Lembro de ouvir de uma amiga que ela sempre quis, quando iniciou sua vida adulta, ser uma nonna italiana, com a casa cheia, bochechas rosadas, como a avó dela tinha, os cabelos presos num coque poderoso, se recusando ver sua penca de netos comendo apenas uma pratada das delícias que ela prepararia por toda a manhã para o típico almoço de domingo.

Me recordo também de, anos depois, sentado na cozinha moderna do apartamento para o qual ela havia recém mudado para poder criar com mais qualidade seu primeiro filho, que aquele sonho havia há muito desvanecido, que sua nova meta era ser, na verdade, uma pessoa que compartilha a cozinha com outras pessoas, que não queria se acabar em horas com o umbigo queimando na beira do fogão enquanto o restante da família ficasse na sala degustando vinhos e músicas.

Seu novo ideal seria o de trazer todos para o mesmo ambiente, que os almoços de domingo fossem grandes eventos de compartilhar de um processo coletivo e de afetuosidade. Sorrisos no preparar dos alimentos, as canções entoadas por todos num karaokê com panelas e facas ditando o ritmo. 

Ter filhas e filhos, netas e netos, hoje, é desejar relações mais próximas, compartilhadas. E cozinhar é parte fundamental desta troca. Uma cozinha com mais afeto e atenção, com olhos e ouvidos atentos para trabalhar o crescimento de si e do outro pode, certamente, ser um espaço transformador.

Quem fala isso é o jornalista italiano Luca Scarcella, em entrevista ao Estadão para falar de seu livro, Childfood – Receitas para Jovens Coolinary Explorers, que reúne 23 receitas feitas por grandes chefs renomados (dos brasileiros Bel Coelho, Jefferson Rueda até o italiano Massimo Bottura, retratado pela série Chef’s Table, da Netflix) para incentivar as crianças e pais a compartilhar bons momentos:

“Todo mundo, mas principalmente as crianças, cresce quando tenta fazer algo diferente. Preparar pratos ajuda a aumentar a atenção aos detalhes, a melhorar a autoestima e a ter momentos de diversão com os pais, irmãos mais velhos ou responsáveis. É muito importante que os pais/responsáveis passem um tempo de qualidade com os filhos, porque os filhos nunca esquecerão esses momentos, nem os pais. Criar na cozinha é uma atividade incrível, então o que é melhor do que cozinhar e compartilhar uma refeição juntos?”

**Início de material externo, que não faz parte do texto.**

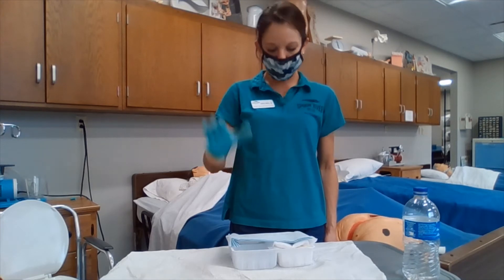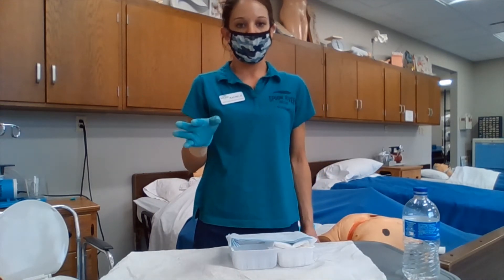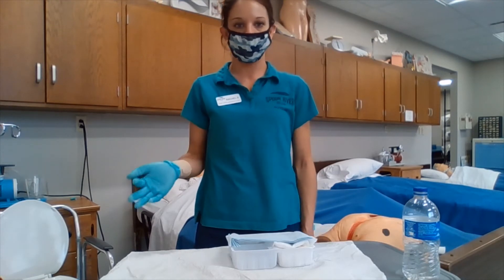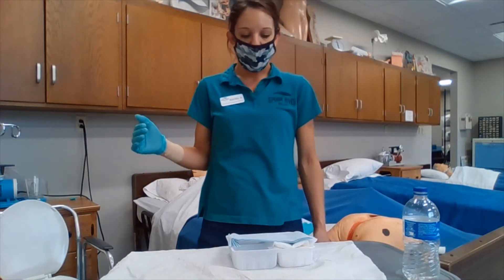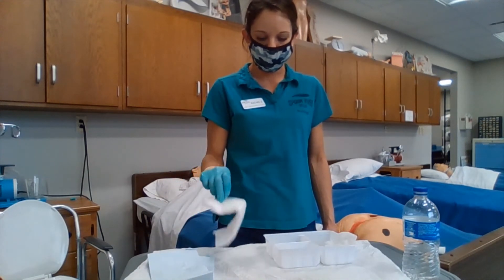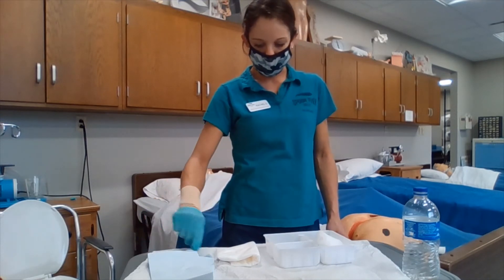We are also taking into consideration that one-fourth of the sterile field on the borders is considered non-sterile. So when we are emptying out our supplies, we need to take that into consideration. We also need to take into consideration the fact that we do not reach over our sterile field — we actually go out and around. I am going to take my materials out and drop them on my sterile field, making sure that I am not reaching across and over it, and emptying out all of my materials.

Separamos, aqui, sete benefícios para trabalhar alimentos na cozinha com as crianças.

1. Cozinha é disparador de conversa

Perguntar como foi o dia é uma demonstração de tentativa de proximidade, mas uma boa conversa também parte da necessidade de se mostrar disponível para ouvir o que a pessoa quer falar, seja um desabafo ou curiosidade. Todo o processo que envolve a comida ajuda nesse processo.

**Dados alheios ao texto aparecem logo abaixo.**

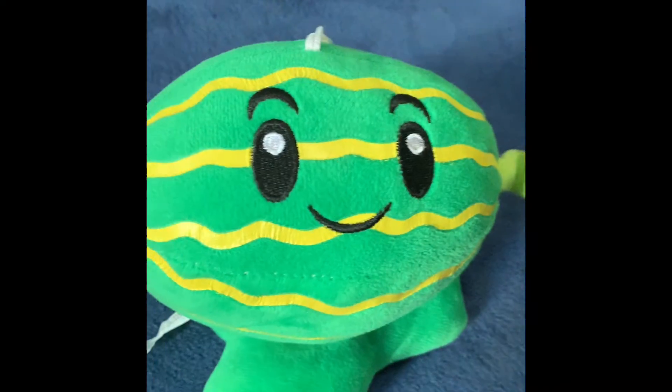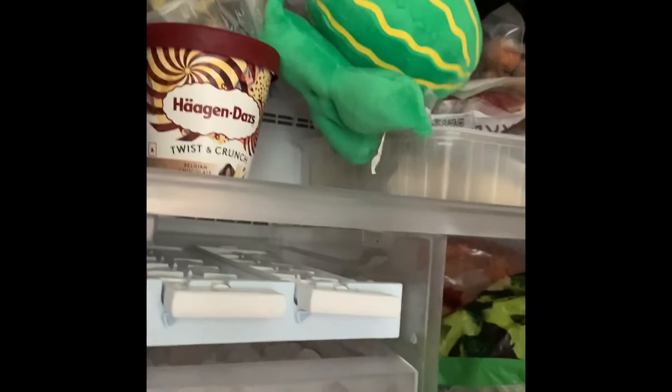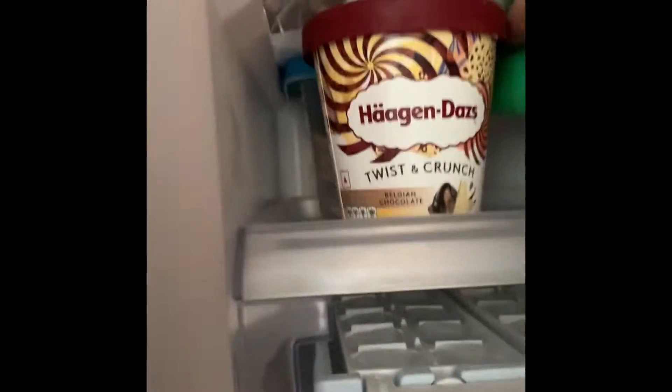You just need a watermelon. That's it. Step one: buy a watermelon. Step two: shove it in the fridge. Step three: wait for twelve days.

Pensando em cozinhar em família, a chef argentina Paola Carosella, em seu canal do YouTube, a fala sobre uma nova construção ao redor do ato de cozinhar:

"Primeira coisa: a gente precisa fazer as refeições juntos. Ao menos duas refeições. Quando vai chegando a hora do jantar, duas horas antes, [...] vai pensando: o que a gente vai comer?".

O ato de preparar uma comida já pode, de saída, ter o envolvimento de todos. Escolhas dos pratos, dentro das possibilidades da família no dia, a puxada de responsabilidades, "se você cozinha, então eu lavo a louça e eu ponho e tiro a mesa. Eu descasco as batatas, eu vou lavando as coisas".

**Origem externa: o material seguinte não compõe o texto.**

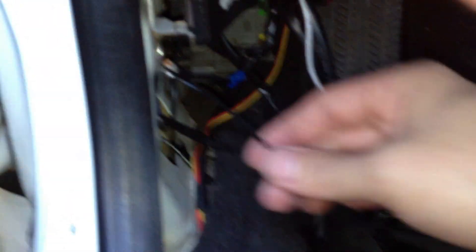You have the fuse, and then you have a black wire here. This connects to the ground — I just connect it to this bolt right there.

Aproximação, escuta, espaço para a fala. Uma troca vai-se criando antes mesmo que qualquer movimentação seja feita. Disso para mergulhar no mundo das crianças, desenvolver Os 4 pilares da paternidade (Amor, conhecimento, empatia e comunicação, vejam o vídeo do Thiago Koch em depoimento para O Silêncio dos Homens) pode ser bem recompensador.


Aproveite para fazer aceitos coletivos, com os filhos, a companheira ou o companheiro, com as pessoas envolvidas na família, sobre a casa, sobre planos futuros, anseios. Dividir os desejos faz com que coisas fiquem mais palpáveis para serem realizadas.

2. Aprendizados sobre como são feitos os alimentos

Há um universo quase infinito aqui. O Brasil é grande demais e muita gente na cidade (muita gente mesmo) quase não tem ideia de como funciona o básico da agricultura. Estou falando de coisas simples e essenciais, como é um pé de abacaxi, que o açaí não é  só um doce. Apresentar de onde vêm os alimentos, como eles viram o que viram, processos, caminhos, folclores! Conhecimento e diversão não faltarão neste item. 

Imagina fazer uma experiência de comida desidratada dentro de casa?

Podemos, ainda, ampliar a conversa para outros conhecimentos, falar de gastos com comida (o Eduardo Amuri fala amplamente sobre finanças para crianças lá no site dele), química e física, assuntos tratados como tão chatos na candura popular, aqui viram catalisadores, as transformações da matéria, o aglutinar, a mistura, um tubérculo rígido que aparece na mesa milagrosamente como um purê.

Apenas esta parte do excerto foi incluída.